Today’s Germans are very efficient at their work. The machinery produced by them is world class. Their economy produces a surplus. But what do you do with that surplus money which goes on accumulating every year? It is lent to neighbors and foreign countries.
One of the borrowers was Greece and when they were not able to repay their loans, Germany insisted Greece should cut its Govt. spending and implement tax reforms to run a budget surplus. Greece did to good extent; deploying austerity measures had put a greater pressure on its economy. Its unemployment went up. Its economy began to shrink. Its public felt they are not respected in the European Union and during the recent election they chose a leftist Govt. which opposed austerity. Its new leader has to confront Germany opposing to cut its Govt. spending. Even if Greece runs a budget surplus, it would take more than 30 years to settle debt. With a kind of social unrest, there is no patience left in Greeks to struggle for another three decades for the mistakes done in the past. They are angry with European Union (in which Germany is the biggest player) for asking for further budget cuts. So it reflected in the last week’s vote too. They want to leave the union.
What right Germany has in advocating how Greece should run its Govt.? If its is because Greece owes money to Germany, why Germany was not cautious while lending and let the debt balloon become bigger? That seems to be the question many are asking now. And here history comes alive again. Germany had led to physical destruction and loss of capital during world wars and now some think they are doing it economically with countries like Greece.

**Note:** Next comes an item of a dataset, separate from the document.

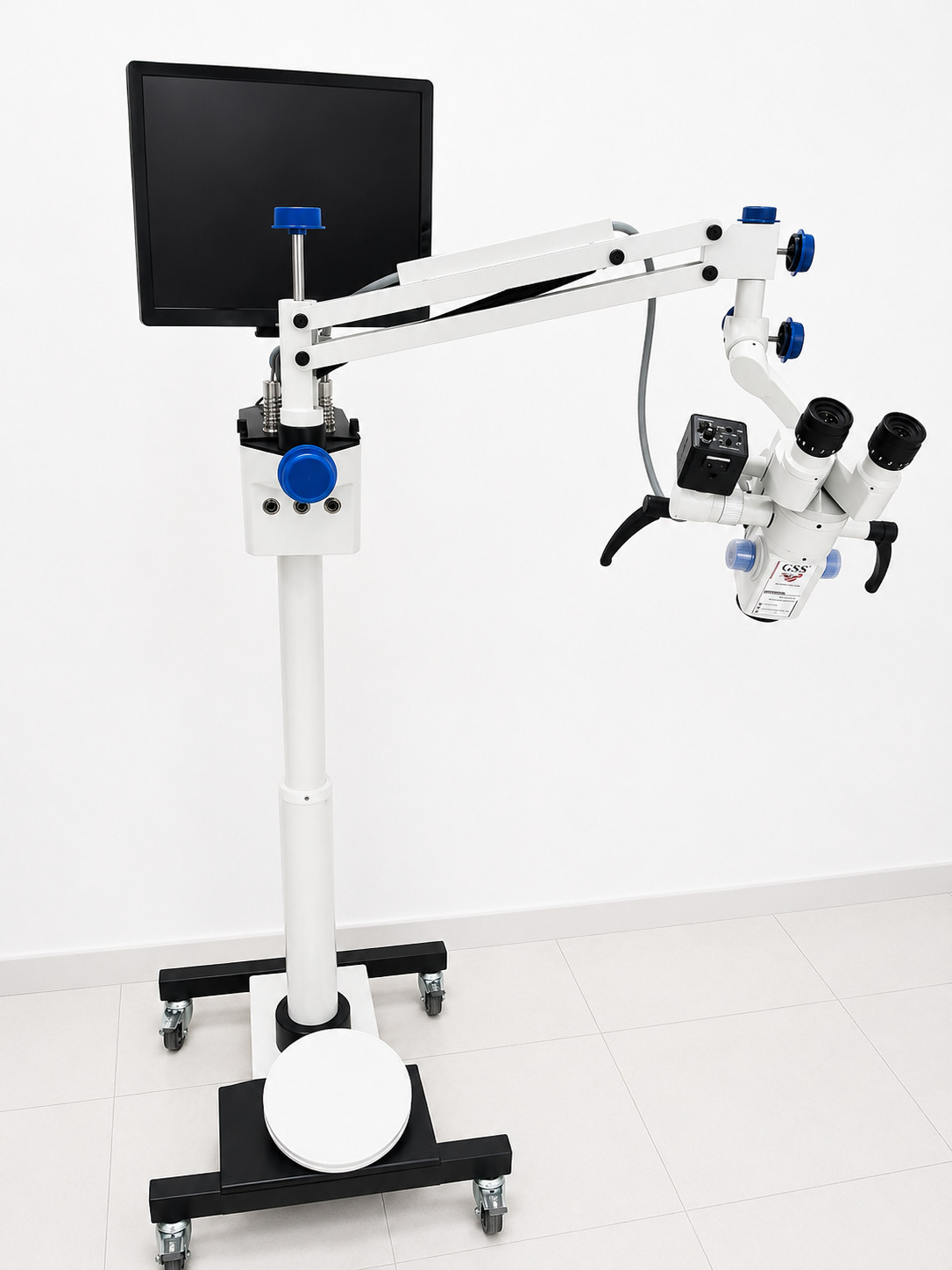 5 STEP ENT Multidisciplinary Surgical Microscope. Neurosurgery, Spine and Crania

But the real problem lied in the formation of Euro currency. It is becoming clear now that without political integration, a common currency won’t work. All the countries in the European Union had their respective Govt.’s. Their policy approaches were different, so were the risk profiles. When they formed a union with a common central bank (ECB) and a common currency (Euro), the inefficient countries in the union would become losers. Since all of the union becomes one market with a common currency, those countries who produce quality goods at a competitive price would gain and those who cannot would see their domestic production reduce. To make up for that, local Govt. will have to step up public spending to keep the economy going. One country's exports are another country's imports. Germany’s surplus had to cause deficit somewhere else. Greece, Spain and Italy had suffered. That is the argument of few noted economists.

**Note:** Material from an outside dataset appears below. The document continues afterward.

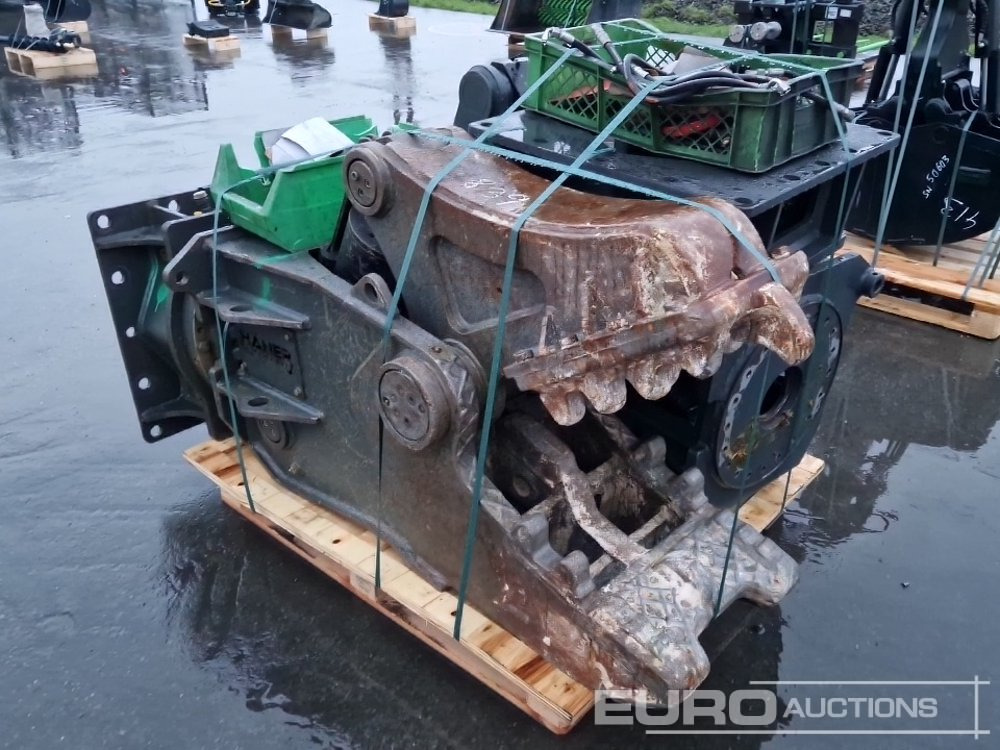 Häner HRP1500 Hydraulic Pulveriser (Spare Parts) - Attachment for Excavator: picture 3 Häner HRP1500 Hydraulic Pulveriser (Spare Parts) - Attachment for Excavator: picture 3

If and when Greece comes out of the union, it will pay its price with a weak currency, higher rates and inflation. And it would also set stage for other countries to leave the union too. And if the idea of Euro gets scrapped someday, Germany may not run the same surplus then. But this experiment is already affecting lives of many including those victims in Greece, all of them did not live at Govt.’s expense but everyone will pay the price of inflation and unemployment.
Those who do not learn from history tend to repeat it, so goes a saying.